On cannabis he said: "There was a period before university when I had quite a few (cannabis joints). It was jolly nice. But apparently it is very different these days. Much stronger.

"I've become very illiberal about it. I don't want my kids to take drugs."

Fellow Old Etonian David Cameron refused to be drawn on the subject of drug taking, saying in 2007: "Like many people, I did things when I was young that I shouldn't have done and that I regret.

"But I do believe that politicians are entitled to a past that remains private".

In 2005, his friend the then shadow chancellor George Osborne was forced to deny taking drugs after newspapers printed a picture of him with his arm around a woman described as a "cocaine-snorting hooker".

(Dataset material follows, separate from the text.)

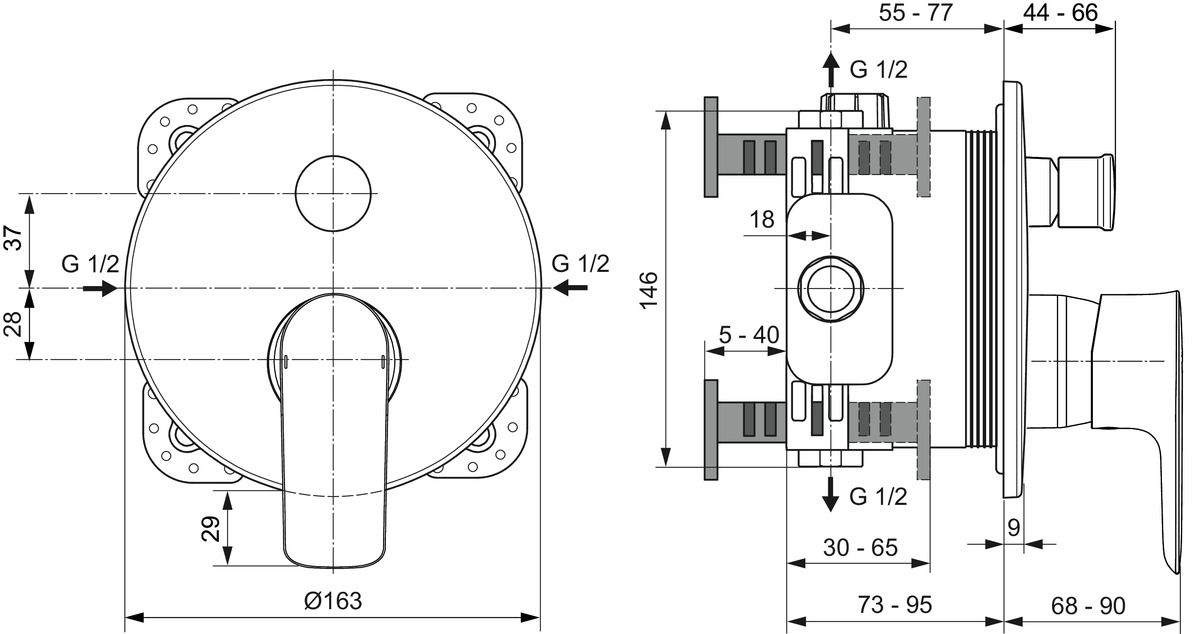 Ideal-Standard Fertigmontageset Connect Air für UP-Wannen-Einhebelmischer, verchromt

Osborne suggested he was the victim of a "smear campaign", adding: "The allegations are completely untrue, and dredging up a photo from when I was 22 years old is pretty desperate stuff."

In 2007, several ministers in Gordon Brown's government, including chancellor Alistair Darling, home secretary Jacqui Smith and deputy Labour leader Harriet Harman, admitted using cannabis in their youth.

Yvette Cooper, then minister for housing, said cannabis use at university was "something that I have left behind" while Andy Burnham, now Mayor of Greater Manchester, admitted smoking the drug.

In 1992, US presidential hopeful Bill Clinton famously said he tried marijuana while at Oxford University but "didn't inhale".

The remark has been lampooned many times, including by then senator Barack Obama in 2006, who said: "When I was a kid, I inhaled ... that was the point".

Obama also admitted to using "a little blow" (cocaine) in his first book Dreams From My Father.